Temperatures at the North Pole rose above freezing on Wednesday — 20oC above the mid-winter norm and the latest abnormality in a season of extreme weather events.
Canadian weather authorities blamed the temperature spike on a freak depression which has already brought record Christmas temperatures to North America and lashed the UK with winds and floods. The deep low pressure area is currently looming over Iceland and churning up hurricane force 138kph winds and 9m waves in the North Atlantic Ocean, while dragging warm air northwards.
“It’s a very violent and extremely powerful depression, so it’s not surprising that hot temperatures have been pushed so far north,” Canadian government meteorologist Nathalie Hasell said. “This deep depression has pushed hot air as far as the North Pole, where temperatures are at least 20 degrees above normal, at around freezing point, between zero and two degrees.”
Photo: AFP
US scientists from the North Pole Environmental Observatory said that the temperatures had climbed suddenly.

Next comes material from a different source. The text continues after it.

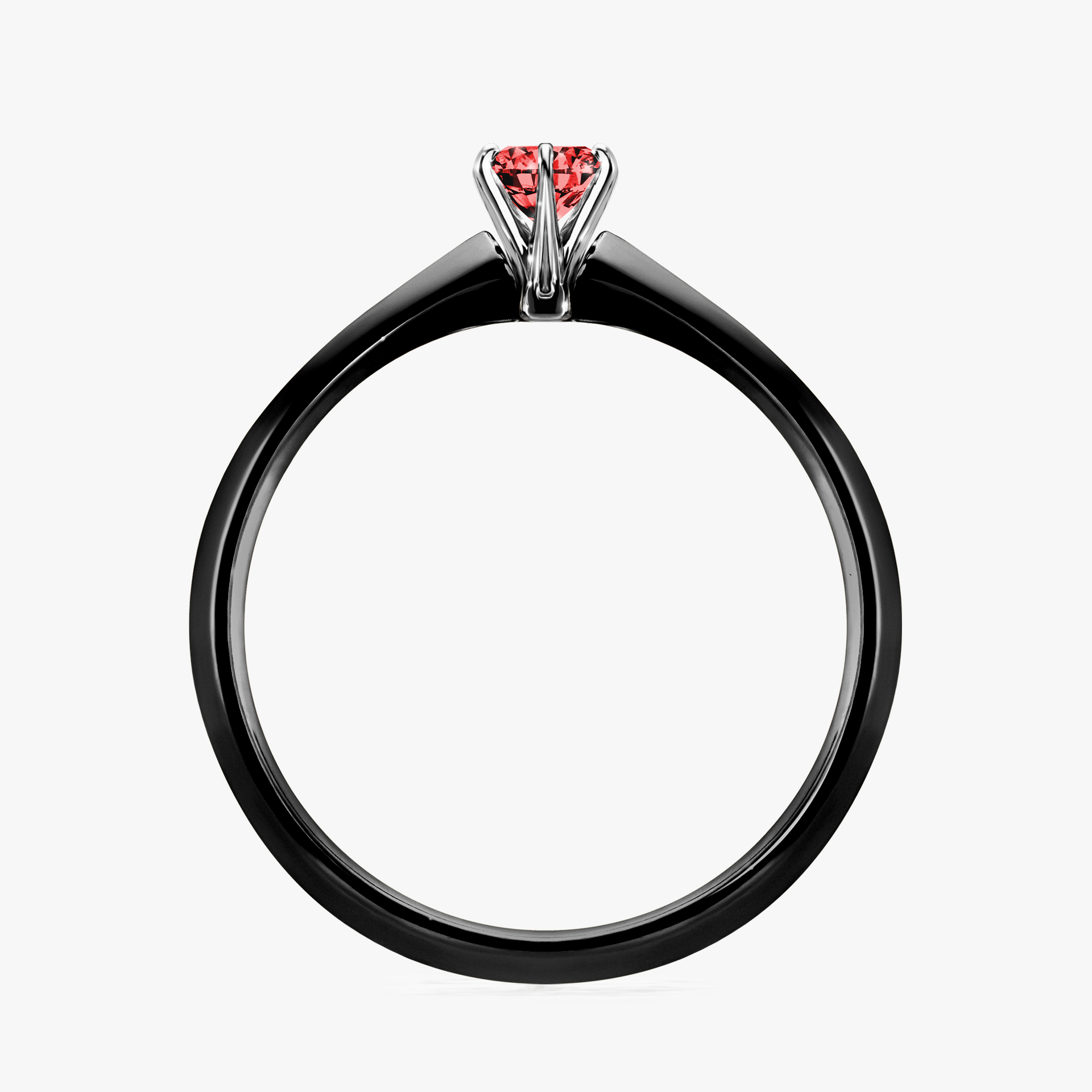 Pierścionek zaręczynowy My Queen z czarnego złota z czerwonym diamentem 0,17ct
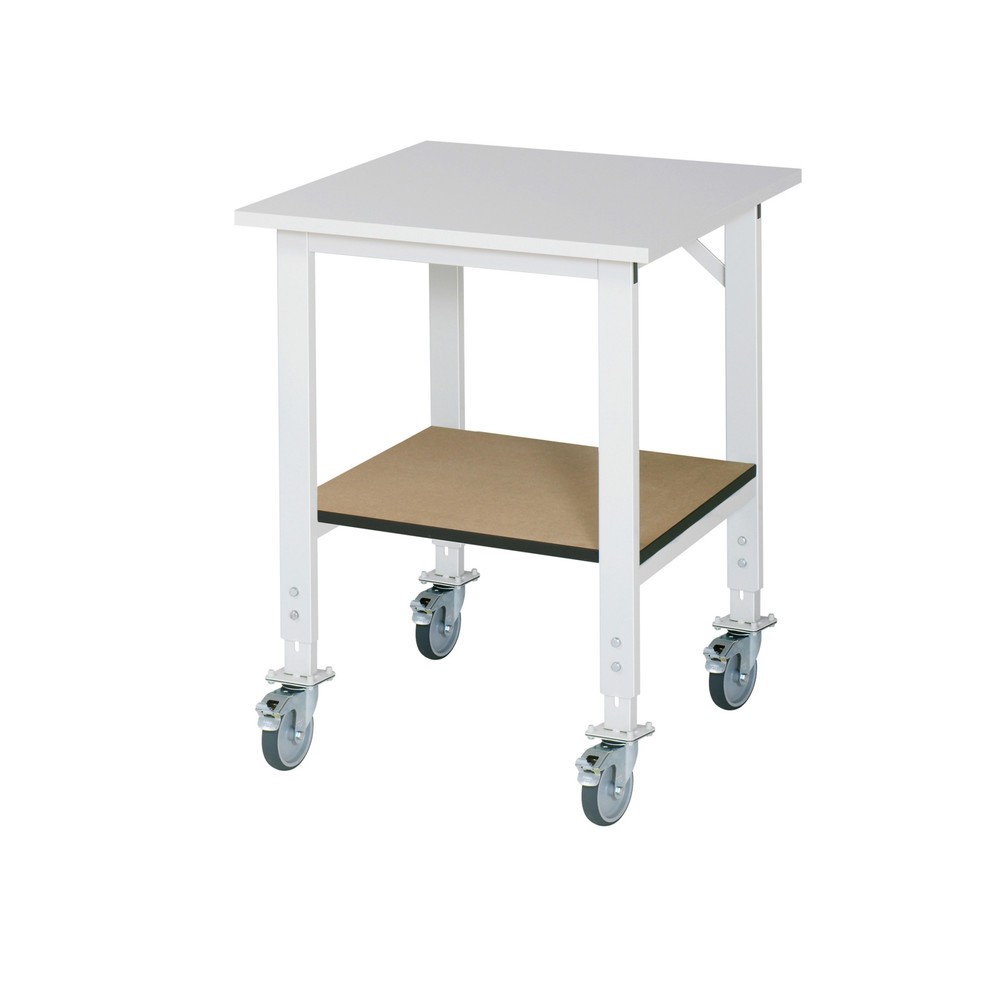 Illustration du produit: RAU Table de travail mobile réglable en hauteur Série TOM, HxlxP 760-1 080 x 750 x 800 mm, plan de travail avec revêtement en mélamine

An Arctic monitoring point 300km from the Pole that had been recording minus-37oC on Monday had shot up to minus-8oC by Wednesday, senior researcher James Morison said.
The polar region is the area of the world that has seen the most profound effects of climate change in recent decades.
Average year-round temperatures in the Arctic are 3oC higher than they were in the pre-industrial era, snowfall is heavier, winds are stronger and the ice sheet has been shrinking for 30 years.
However, it would be hasty to pin this week’s extreme weather directly on the human-induced climate change phenomenon, rather than on a discreet anomaly.
Hasell said that Canada has not kept complete records of North Pole weather, but that it was nonetheless “bizarre” to see such high temperatures on the ice pack in the middle of its long night.
After tormenting the North Atlantic, the depression is expected to head towards Russia’s Siberia, where the inhabitants can expect a heatwave of sorts.
In Canada, the capital of the Nunavut territory of the native Inuit, Iqaluit, celebrated a relatively balmy Christmas when temperatures rose to minus-4.6oC — up from an average of minus-21oC.
Baffin Island, better known for its snow and ice, experienced unheard of rainfall in December, Canadian Ministry of the Environment spokesman David Phillips said.
“It’s doubtless the El Nino effect, venturing further north,” he said, referring to a tropical Pacific weather phenomenon that reoccurs every four to seven years in more southerly climes.
Last year’s El Nino is regarded as perhaps the most powerful in a century and, combined with the effects of climate change, it has generated storms, floods and droughts in Central America and beyond.
Dozens of Americans were killed in rare, late season tornados in the southern US before Christmas, and then the hot El Nino air was dragged north along the Atlantic coast bringing T-shirt weather to normally frigid cities.